Registered Reports and Replications in Attention, Perception, & Psychophysics
Publication bias: Studies that yield statistically “significant” results get published, while those that don’t stay in the file drawer. The file drawer problem makes it difficult to evaluate how replicable a finding might be. If 20 people independently run the same study, 1 will get published; in the most dire case, 1 person might run 20 experiments and publish the one that beats p < .05. This can lead to a proliferation of nonreplicable effects in the literature.
P-hacking (Simmons, Nelson, & Simonsohn, 2011): This covers a range of dangerous practices designed to get the p-value under the magic p < .05 line. This includes the common practice of adding some extra observers to a study that looks promising (p < .06). This sounds fairly benign, but consider the analogy to a coin flip game: If the coin comes up “heads,” I win. If it comes up “tails,” we flip again. Do you want to play this game?
Underreporting of methods and variables: While failure to report variables might not be a vast problem in most of what gets reported in APP, if you test 20 variables and report the 1 that is significant (p < .05) . . . again, we have a problem, especially if you don’t mention the other 19, nonsignificant variables.
Multiple comparisons in statistical testing: There are long, complicated, and controversial arguments to be made here. Nevertheless, we can probably all agree that with enough massaging of the data—dropping a “bad” subject here, adding a new post hoc analysis there, and doing a few dozen pairwise comparisons—eventually, that p-value that you are reporting is going to be a bit meaningless.

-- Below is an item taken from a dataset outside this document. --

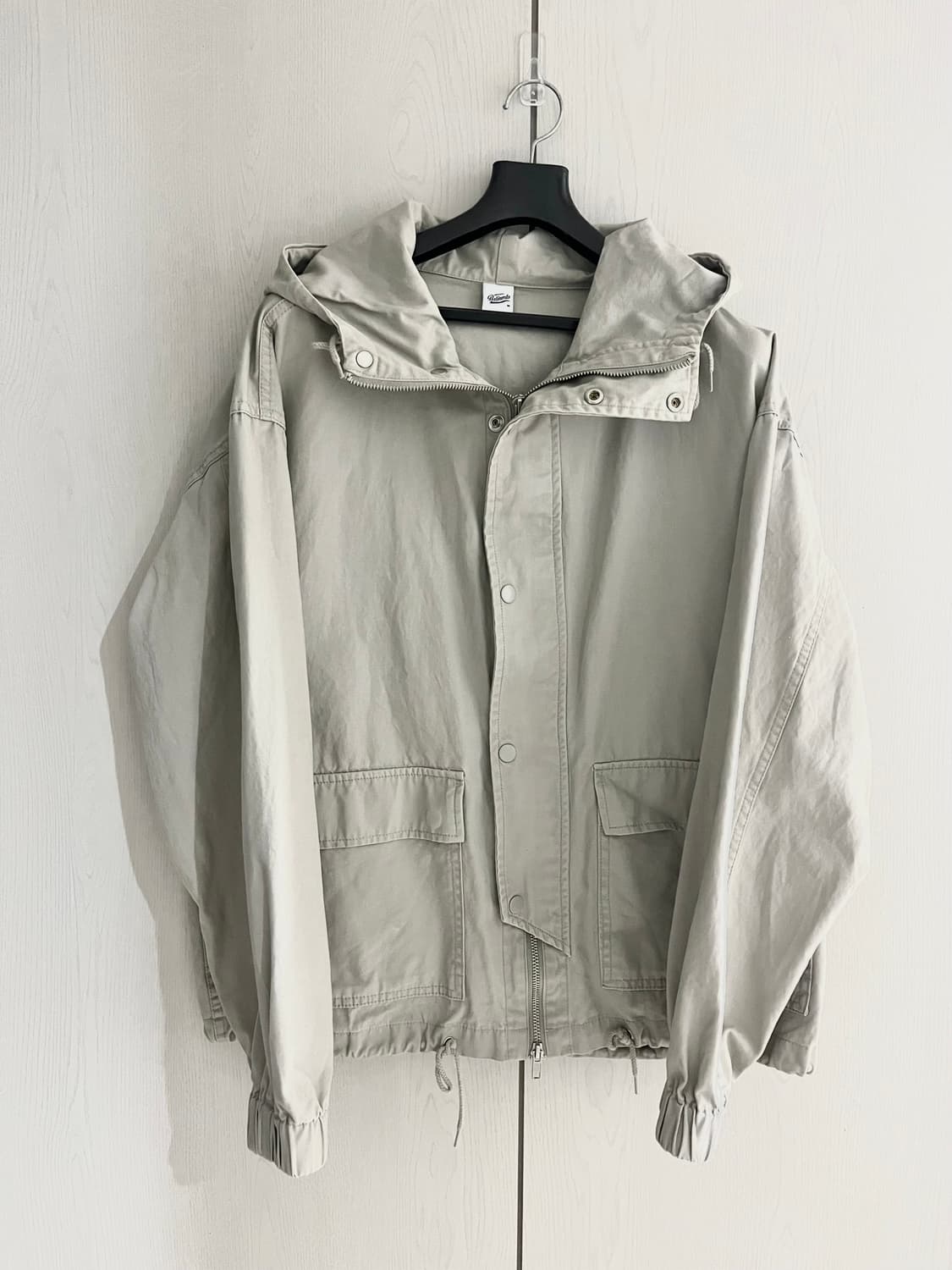 파르티멘토 코드 후드 집업 자켓 스모크 그레이 상품이미지1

Underpowered studies: There have been some interesting recent articles on the perils of small sample sizes and low statistical power (e.g., Button et al., 2013). This is more of a problem for experiments where you might compare two groups of observers and you might have just one data point per observer and is less of a problem when you are collecting vast numbers of trials in a within-subjects design. However, given that we are often dealing with small effect sizes (a few tens of milliseconds here, a few percentage points in accuracy there), it would be foolish for us to be complacent on this issue. Underpowered studies tend to generate both spurious (and unreplicable; see below) positive results and invalid negative results. Admittedly, it is unclear how to do power calculations for many of our standard designs. Nevertheless, we should make every effort to ensure adequate statistical power.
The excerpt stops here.